So what do we say on the left, maintain our purity with an easy line and do nothing to end the genocide?
If we simply say peace, what are we also saying - Iraq type sanctions! Under these conditions that is all a "peace slogan" adds up to and in the conditions of Afghanistan that means again genocide. Afghanistan has not even the industrial backbone of Iraq, it is overwhelmingly a peasant economy, that has been displaced, has lost its stores, abandoned its fields and is in the midst of a famine - peace with sanctions would be mass murder.
The peace slogan by itself at this stage means withdrawing the planes and imposing killing sanctions - I believe that this is a continuation of siege and the preferred Pentagon method.
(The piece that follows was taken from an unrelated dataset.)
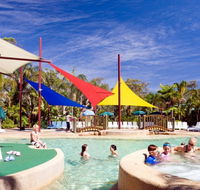 NRMA Ocean Beach Holiday Park - Timeshare Accommodation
We do not set agendas but are forced to respond to those set by others. In this case peace has been ruled out altogether. Peace in America simply translates to no Americans risking their lives it does not mean an end to death, in fact, it would mean is escalation.
The Pentagon fears a ground war and for good reason - its current tactics of genocide are not accidental and once it ties of them it will bring up sanctions as night follows day - this is what peace is translated into unless the whole question is exploded - I do not want to see another Iraq, and it is not a two stage question - if the bombing stops nobody will listen to us about sanctions and the TV cameras will be turned off and so no-one will see the deaths of 100s of thousands - this is not serving the people of the world.
So in essence if we are to be consistent and not value US lives higher than that of Afghans, then we have to say end the siege and invade before winter sets in. In terms of slogans if it has to be reduced to such things then "END THE GEANOICIDAL SIEGE - INVADE OR WITHDRAW COMPLETELY!" would seem to hit at the nub of the problem.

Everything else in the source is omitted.